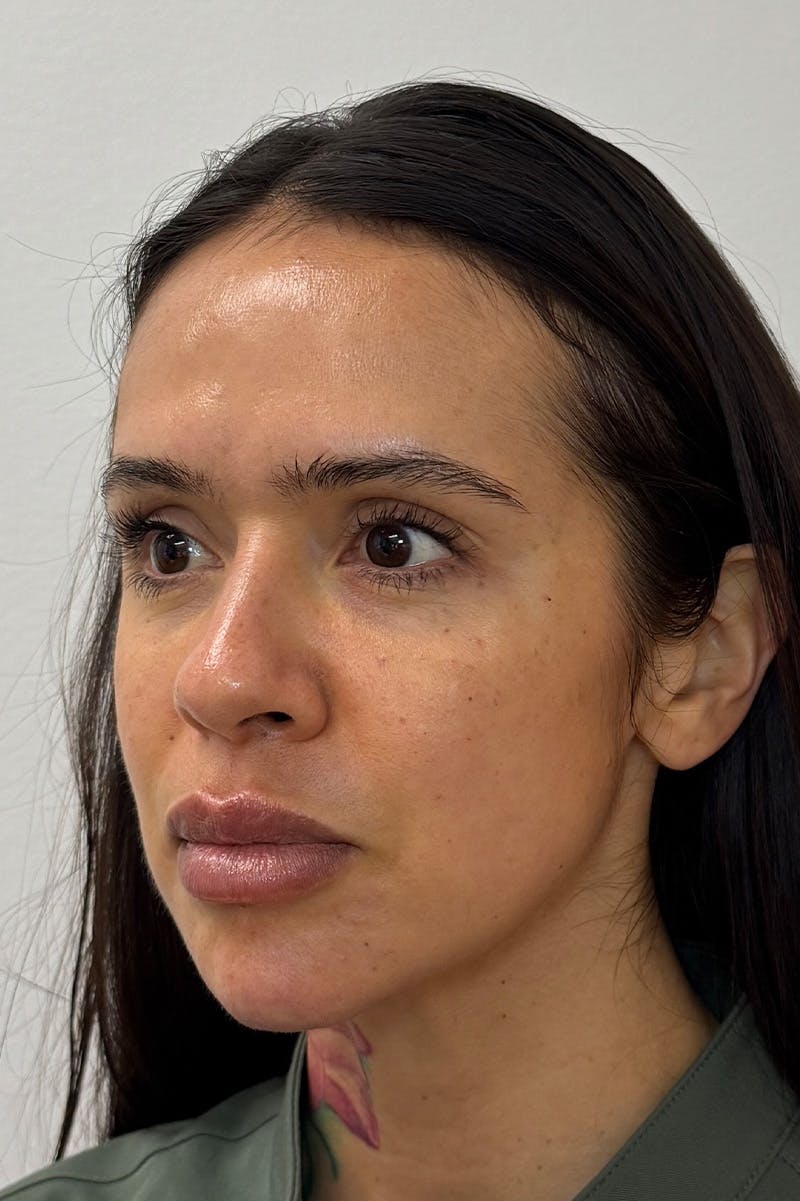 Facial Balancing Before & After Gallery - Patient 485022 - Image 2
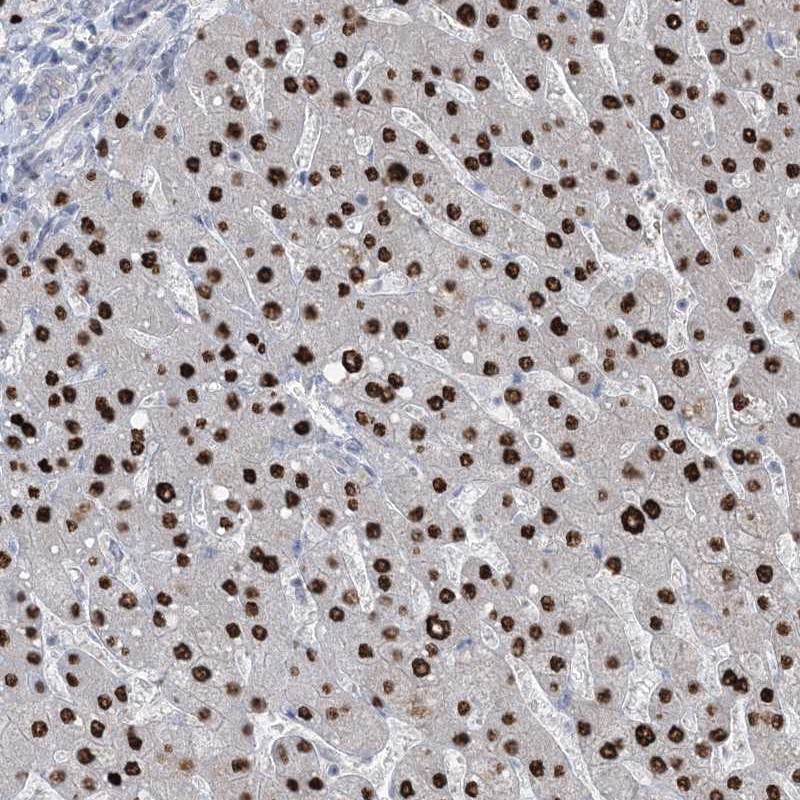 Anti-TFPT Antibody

* * *

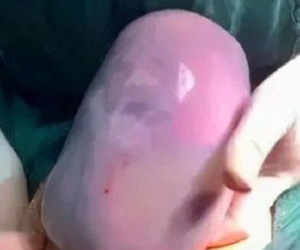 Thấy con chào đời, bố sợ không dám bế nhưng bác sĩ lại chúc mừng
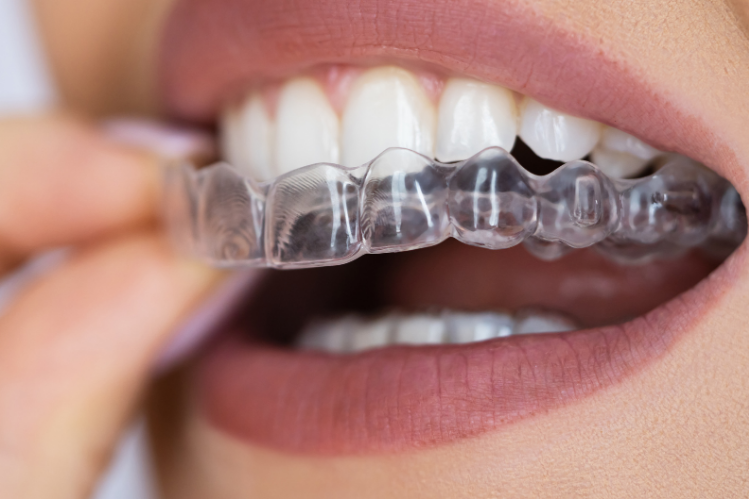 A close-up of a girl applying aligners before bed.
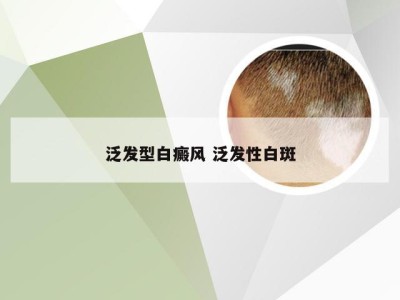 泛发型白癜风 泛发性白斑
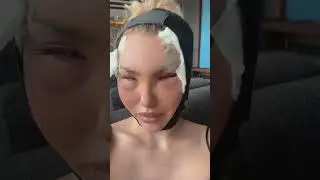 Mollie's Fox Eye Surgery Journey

--

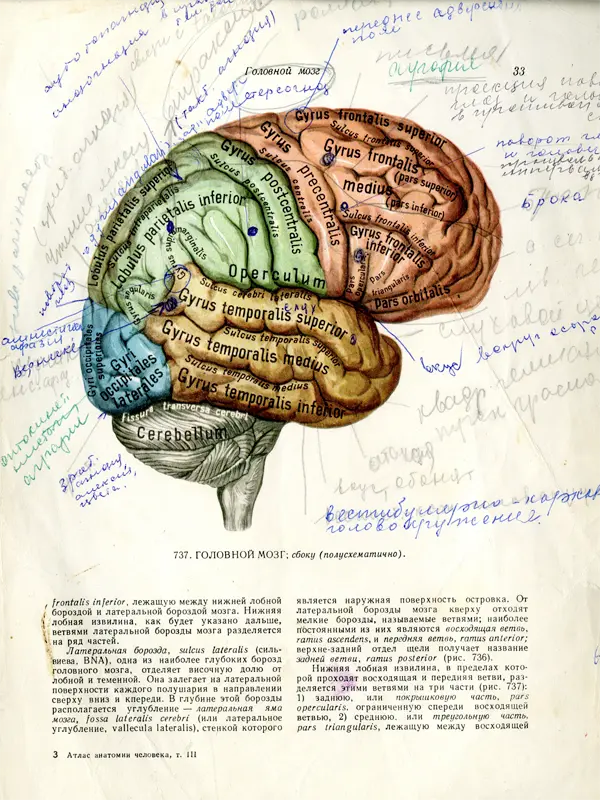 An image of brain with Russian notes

Task brief: From the records above, return exactly the lines running from the one that contains "A close-up of" down to the one that contains "Mollie's Fox Eye Surgery Journey", both included, without any pictures.

Solution:
 A close-up of a girl applying aligners before bed.
 泛发型白癜风 泛发性白斑
 Mollie's Fox Eye Surgery Journey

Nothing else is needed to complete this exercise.